Il Festival del ciclo mestruale
Grazie anche al dibattito nato attorno all’abolizione della tampon tax, l’Italia sarà il primo paese al mondo a ospitare un festival interamente dedicato alle mestruazioni. La prima edizione del Festival del ciclo mestruale si terrà a Milano il dal 17 al 19 giugno e sarà una tre giorni di incontri, workshop ed eventi dedicati al ciclo e al contrasto al tabù delle mestruazioni. Il programma è molto ricco: dalla tampon tax all’endometriosi, patologia che affligge migliaia di donne e che è ancora molto difficile da diagnosticare a causa proprio di uno dei tabù più duri a morire legati al ciclo, quello secondo cui è normale normale provare dolore. Su questo si è da poco espresso il governo spagnolo: Irene Montero, 34 anni, ministra per le Pari opportunità è artefice della prima legge sul congedo mestruale, che prevede un congedo retribuito di tre giorni per chiunque abbia un ciclo invalidante. Sembra che altri paesi, incluso il nostro, vogliano prendere esempio dall’iniziativa del governo di Madrid e in questo quadro di nuove consapevolezze, eventi come il Festival del ciclo mestruale rappresentano uno strumento importante per facilitare la vita delle donne, che ancora oggi si trovano spesso a districarsi nel mare magnum delle informazioni, spesso contradditorie, che si leggono online.

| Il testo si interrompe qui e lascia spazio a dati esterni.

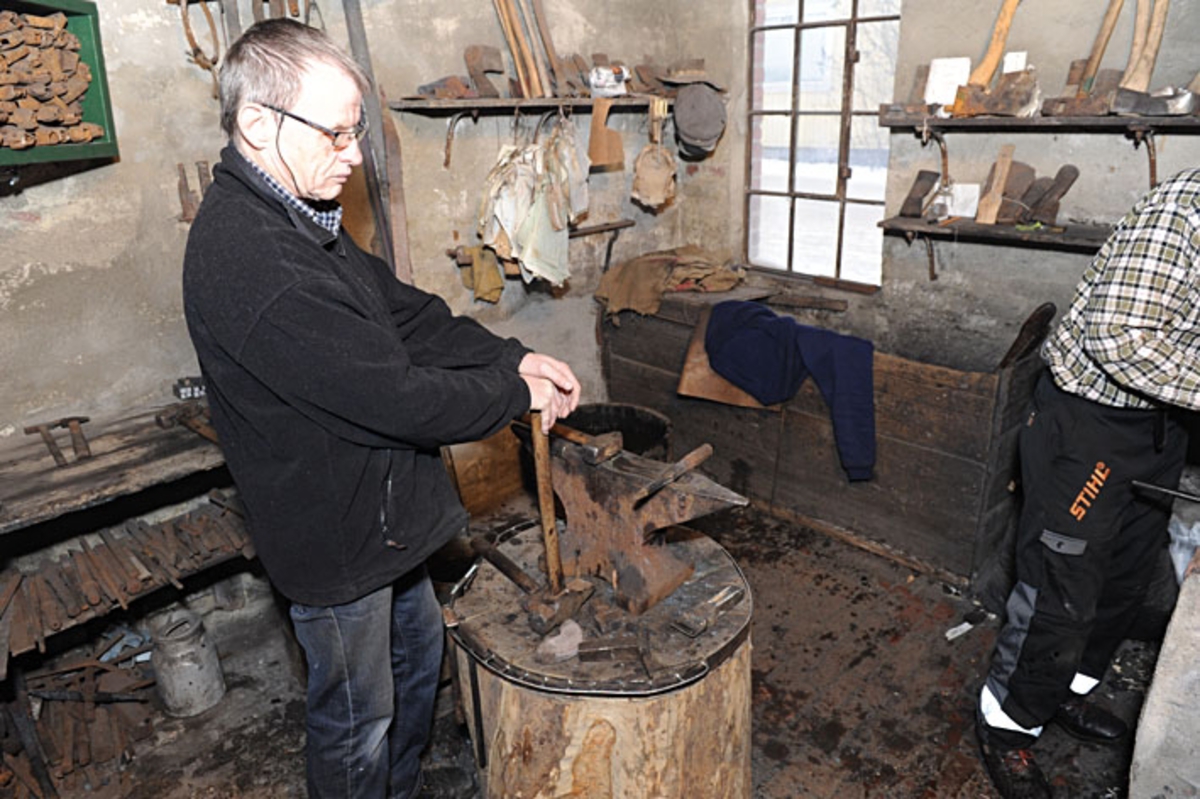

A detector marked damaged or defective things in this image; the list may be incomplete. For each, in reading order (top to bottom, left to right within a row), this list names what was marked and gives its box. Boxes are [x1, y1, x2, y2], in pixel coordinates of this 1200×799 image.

rusty metal tool [632, 444, 716, 506]
rusty metal tool [672, 580, 744, 636]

Il Festival nasce dalla sinergia delle autrici di Eva in rosso, primo podcast italiano interamente dedicato al ciclo mestruale, le associazioni Errante e Promise in collaborazione con lo studio di grafica e digital design Studio but maybe. “Lo abbiamo organizzato per inaugurare una nuova narrazione del ciclo mestruale – si legge su una delle pagine dell’evento – perché ancora oggi il ciclo è visto come un tabù invece di essere riconosciuto come tema fondamentale per la salute e la parità di genere”. L’evento è stato finanziato con una campagna di raccolta fondi da Produzioni dal Basso che sarà attivo fino al 15 giugno dando la possibilità, a chi vorrà contribuire, di devolvere parte del ricavato per l’acquisto di assorbenti da inviare in Ucraina.
Emergenza di guerra
Nonostante tutto però, non sono mancate le voci critiche: il sito del giornalista e conduttore Nicola Porro ospita un intervento firmato da Bianca Leonardi proprio sul Festival del ciclo in cui l’editorialista si scaglia contro la manifestazione definendola “di un trash imbarazzante”. Leonardi condanna in particolare “l’utilità di sbandierare le vite private, le faccende intime e le proprie personali esperienze”, una pratica che ha le sue radici nei collettivi femministi della seconda ondata, che sulla condivisione delle esperienze personali basava parte del proprio pensiero politico secondo il principio per cui “il personale è politico”.